Inference Pipeline Overview

Version: 1.1 Status: Stable Last Updated: 2026-03-03

End-to-end reference for how a feature row becomes a labeled prediction. Each stage links to its authoritative documentation.


Pipeline stages

Feature Row → Model → core_probs → Calibration → Reject Check → Taxonomy Mapping → Final Output
Stage What happens Details
1. Input A single feature row enters the model.
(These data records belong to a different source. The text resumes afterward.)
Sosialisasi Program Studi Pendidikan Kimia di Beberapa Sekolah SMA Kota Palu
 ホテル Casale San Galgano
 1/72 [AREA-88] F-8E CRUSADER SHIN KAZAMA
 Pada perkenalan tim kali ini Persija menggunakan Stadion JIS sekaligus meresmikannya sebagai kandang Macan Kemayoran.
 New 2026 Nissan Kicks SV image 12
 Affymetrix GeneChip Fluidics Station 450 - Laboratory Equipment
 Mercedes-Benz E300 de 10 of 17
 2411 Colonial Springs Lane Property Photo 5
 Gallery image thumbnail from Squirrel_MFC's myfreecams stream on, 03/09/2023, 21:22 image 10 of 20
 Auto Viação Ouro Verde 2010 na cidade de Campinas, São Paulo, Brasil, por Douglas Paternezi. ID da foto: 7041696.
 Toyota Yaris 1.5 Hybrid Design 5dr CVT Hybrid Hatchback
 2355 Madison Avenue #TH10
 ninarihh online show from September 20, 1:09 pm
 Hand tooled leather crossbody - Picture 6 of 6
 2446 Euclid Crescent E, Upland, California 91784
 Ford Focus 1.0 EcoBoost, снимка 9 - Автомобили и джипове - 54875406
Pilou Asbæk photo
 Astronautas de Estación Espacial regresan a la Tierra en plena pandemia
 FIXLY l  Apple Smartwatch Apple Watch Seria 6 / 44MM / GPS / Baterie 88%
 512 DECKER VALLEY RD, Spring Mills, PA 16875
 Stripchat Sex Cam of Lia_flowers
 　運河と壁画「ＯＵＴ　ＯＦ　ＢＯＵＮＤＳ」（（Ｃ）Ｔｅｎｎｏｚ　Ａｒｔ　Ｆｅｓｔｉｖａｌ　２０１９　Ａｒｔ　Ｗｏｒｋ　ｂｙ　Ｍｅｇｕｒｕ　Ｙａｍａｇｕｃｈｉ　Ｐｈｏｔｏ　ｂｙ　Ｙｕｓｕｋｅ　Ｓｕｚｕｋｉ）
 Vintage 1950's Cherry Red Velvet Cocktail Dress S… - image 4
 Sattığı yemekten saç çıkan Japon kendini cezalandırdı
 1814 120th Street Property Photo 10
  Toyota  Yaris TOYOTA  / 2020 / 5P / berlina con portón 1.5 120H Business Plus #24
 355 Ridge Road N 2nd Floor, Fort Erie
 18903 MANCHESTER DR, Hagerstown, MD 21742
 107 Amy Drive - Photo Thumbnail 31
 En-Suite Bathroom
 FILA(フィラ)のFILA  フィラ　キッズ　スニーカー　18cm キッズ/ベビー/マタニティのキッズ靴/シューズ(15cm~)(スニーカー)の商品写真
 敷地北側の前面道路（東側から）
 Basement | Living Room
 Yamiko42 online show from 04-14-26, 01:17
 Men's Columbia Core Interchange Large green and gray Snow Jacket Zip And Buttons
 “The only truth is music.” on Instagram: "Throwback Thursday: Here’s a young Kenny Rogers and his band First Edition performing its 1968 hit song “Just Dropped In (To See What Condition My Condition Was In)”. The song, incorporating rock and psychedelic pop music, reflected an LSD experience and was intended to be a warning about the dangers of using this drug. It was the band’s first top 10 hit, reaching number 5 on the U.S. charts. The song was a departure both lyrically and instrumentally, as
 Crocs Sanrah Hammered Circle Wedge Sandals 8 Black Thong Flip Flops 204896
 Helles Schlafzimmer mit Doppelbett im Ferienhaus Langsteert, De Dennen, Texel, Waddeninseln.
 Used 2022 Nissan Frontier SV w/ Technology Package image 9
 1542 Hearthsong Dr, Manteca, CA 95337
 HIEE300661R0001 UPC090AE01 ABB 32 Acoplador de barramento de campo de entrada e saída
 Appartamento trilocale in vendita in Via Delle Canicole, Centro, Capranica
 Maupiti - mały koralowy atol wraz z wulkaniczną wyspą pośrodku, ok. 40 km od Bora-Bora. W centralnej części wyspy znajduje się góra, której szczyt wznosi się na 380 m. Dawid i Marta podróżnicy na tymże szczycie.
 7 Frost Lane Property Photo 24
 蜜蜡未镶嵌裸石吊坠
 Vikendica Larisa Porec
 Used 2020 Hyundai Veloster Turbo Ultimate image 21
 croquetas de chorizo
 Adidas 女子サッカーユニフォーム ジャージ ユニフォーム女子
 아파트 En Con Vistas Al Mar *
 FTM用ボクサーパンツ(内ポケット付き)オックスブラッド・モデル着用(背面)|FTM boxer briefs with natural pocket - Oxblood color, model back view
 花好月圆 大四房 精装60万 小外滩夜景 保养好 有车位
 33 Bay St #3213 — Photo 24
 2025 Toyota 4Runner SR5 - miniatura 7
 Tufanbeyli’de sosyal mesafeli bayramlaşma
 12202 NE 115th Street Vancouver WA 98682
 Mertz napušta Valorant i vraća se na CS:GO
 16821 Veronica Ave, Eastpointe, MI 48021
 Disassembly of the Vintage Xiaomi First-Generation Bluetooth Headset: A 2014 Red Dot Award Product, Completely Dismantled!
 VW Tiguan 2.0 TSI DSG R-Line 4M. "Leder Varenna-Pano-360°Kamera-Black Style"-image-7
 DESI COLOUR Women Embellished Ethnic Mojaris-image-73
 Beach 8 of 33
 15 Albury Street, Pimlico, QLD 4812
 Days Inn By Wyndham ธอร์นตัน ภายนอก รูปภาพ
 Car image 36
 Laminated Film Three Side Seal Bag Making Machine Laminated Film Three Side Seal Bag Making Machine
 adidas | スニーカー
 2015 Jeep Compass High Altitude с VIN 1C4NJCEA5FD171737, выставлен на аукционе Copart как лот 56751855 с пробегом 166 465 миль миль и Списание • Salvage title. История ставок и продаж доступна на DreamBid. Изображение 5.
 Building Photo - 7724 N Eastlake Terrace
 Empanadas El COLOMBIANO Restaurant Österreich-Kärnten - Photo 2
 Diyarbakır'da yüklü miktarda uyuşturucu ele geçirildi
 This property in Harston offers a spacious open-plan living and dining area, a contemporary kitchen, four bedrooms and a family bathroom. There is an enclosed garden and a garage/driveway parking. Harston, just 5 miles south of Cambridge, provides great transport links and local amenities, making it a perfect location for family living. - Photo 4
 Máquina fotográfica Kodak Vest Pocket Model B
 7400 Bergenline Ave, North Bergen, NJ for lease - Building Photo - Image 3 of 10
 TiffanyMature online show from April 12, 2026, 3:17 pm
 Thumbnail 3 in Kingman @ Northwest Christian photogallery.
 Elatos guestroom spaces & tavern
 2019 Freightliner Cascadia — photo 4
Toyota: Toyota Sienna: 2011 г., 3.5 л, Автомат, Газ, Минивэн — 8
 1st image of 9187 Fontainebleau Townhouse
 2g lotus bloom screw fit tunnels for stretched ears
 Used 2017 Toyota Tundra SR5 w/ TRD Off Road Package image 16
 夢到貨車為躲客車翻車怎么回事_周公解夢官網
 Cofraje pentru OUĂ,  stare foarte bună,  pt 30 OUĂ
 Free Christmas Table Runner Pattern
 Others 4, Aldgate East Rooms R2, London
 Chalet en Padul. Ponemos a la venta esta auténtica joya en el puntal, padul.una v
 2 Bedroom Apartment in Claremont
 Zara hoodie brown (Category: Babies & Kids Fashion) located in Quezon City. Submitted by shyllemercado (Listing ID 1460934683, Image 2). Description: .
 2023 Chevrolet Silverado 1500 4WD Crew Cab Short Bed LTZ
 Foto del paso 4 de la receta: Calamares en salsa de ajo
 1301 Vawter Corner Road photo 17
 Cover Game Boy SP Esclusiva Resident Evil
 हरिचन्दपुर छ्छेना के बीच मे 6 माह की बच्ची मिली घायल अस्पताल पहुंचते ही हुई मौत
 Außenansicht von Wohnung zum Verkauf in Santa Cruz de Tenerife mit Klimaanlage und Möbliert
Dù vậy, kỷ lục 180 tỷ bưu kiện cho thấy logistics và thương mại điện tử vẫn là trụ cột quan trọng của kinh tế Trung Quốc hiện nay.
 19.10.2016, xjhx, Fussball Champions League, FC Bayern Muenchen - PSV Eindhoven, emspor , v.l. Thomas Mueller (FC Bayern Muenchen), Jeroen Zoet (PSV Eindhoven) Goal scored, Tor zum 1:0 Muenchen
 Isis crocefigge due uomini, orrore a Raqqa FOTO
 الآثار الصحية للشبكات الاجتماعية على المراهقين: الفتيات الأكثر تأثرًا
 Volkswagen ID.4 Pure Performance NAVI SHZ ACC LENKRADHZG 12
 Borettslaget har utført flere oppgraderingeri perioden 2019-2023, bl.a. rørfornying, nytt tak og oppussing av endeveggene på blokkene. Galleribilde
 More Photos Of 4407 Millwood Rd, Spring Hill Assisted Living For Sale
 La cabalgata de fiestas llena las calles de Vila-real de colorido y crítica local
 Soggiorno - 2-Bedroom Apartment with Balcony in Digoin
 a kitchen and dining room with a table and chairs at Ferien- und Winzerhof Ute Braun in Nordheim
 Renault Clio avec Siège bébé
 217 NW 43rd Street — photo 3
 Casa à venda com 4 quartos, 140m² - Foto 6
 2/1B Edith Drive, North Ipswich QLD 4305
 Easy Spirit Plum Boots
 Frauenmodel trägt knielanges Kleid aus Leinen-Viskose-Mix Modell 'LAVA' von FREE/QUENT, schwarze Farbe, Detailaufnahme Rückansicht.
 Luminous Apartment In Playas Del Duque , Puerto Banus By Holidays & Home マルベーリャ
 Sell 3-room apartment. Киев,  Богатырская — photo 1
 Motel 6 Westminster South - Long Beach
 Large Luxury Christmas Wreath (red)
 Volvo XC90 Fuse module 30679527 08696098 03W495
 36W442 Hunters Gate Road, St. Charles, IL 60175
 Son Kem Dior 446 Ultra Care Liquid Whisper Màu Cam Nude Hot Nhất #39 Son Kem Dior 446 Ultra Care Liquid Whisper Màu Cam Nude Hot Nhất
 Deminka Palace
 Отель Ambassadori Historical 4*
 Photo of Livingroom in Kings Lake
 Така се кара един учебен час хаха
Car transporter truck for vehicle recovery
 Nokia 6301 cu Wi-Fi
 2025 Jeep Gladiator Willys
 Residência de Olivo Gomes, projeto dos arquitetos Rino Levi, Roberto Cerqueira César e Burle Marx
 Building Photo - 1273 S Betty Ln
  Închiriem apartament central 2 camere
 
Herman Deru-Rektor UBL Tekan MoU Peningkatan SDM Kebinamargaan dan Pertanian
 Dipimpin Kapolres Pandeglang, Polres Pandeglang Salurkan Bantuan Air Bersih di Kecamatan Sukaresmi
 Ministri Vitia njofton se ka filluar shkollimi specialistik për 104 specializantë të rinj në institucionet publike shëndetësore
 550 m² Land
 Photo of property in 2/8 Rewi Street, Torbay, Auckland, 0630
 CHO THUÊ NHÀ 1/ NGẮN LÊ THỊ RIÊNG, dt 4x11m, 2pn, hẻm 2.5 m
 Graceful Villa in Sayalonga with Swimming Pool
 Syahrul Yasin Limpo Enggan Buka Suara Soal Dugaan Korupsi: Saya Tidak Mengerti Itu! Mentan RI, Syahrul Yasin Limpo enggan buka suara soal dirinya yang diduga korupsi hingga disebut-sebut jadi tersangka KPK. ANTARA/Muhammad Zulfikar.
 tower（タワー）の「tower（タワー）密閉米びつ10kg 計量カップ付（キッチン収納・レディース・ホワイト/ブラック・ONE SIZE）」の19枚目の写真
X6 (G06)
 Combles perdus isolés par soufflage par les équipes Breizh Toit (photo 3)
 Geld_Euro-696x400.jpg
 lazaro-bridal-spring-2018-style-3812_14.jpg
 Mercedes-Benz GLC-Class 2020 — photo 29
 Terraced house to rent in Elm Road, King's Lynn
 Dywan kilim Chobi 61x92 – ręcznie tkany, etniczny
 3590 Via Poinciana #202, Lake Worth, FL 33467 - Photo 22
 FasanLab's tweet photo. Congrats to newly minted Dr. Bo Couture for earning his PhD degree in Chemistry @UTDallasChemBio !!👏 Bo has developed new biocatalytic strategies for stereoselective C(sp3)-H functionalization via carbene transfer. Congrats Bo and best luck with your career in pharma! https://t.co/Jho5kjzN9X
Must conform to the Feature Schema and include all columns from FEATURE_COLUMNS. Core Types, Configuration
2. Model prediction LightGBM produces core_probs: float[8], ordered by label ID, summing to 1.0. Task Labels (v1), LightGBM Trainer
3. Calibration Per-user or global calibrator adjusts probabilities. Preserves ordering and sum constraint. Personalization Sections 3–5, Calibration API
4. Reject check If max(calibrated_probs) < reject_threshold, the prediction is rejected and mapped to Mixed/Unknown. Acceptance Criteria Section 4
5. Smoothing Rolling majority window merges noisy per-minute predictions into stable blocks. Prediction Smoothing
6. Taxonomy mapping Optional: maps core labels to user-defined buckets with aggregated probabilities. Custom Taxonomy

Final output object

Each prediction produces:

Field Type Source
user_id string Feature row
bucket_start_ts timestamp Feature row
core_label_id int argmax(core_probs)
core_label_name string Label set lookup
core_probs float[8] Model output
confidence float max(core_probs)
is_rejected boolean Reject check
mapped_label_name string Taxonomy mapping (or core label)
mapped_probs dict[str, float] Taxonomy mapping
model_version string Model Bundle metadata
schema_version string Feature schema
label_version string Label schema

See Prediction Types for the implementation.


Invariants

  • Determinism: same model + calibrator + mapping + input = identical output. No stochastic inference.
  • Error handling: missing features, unknown categoricals, or schema mismatches produce Mixed/Unknown — the pipeline never crashes. See Data Validation.
  • Privacy: no raw titles, keystrokes, or URLs enter or leave the pipeline. See Privacy Model.

Versioning

Changes to any of the following require a version bump:

  • Label ordering or count
  • Output structure
  • Confidence definition
  • Reject semantics
  • Calibration insertion point
  • Taxonomy mapping semantics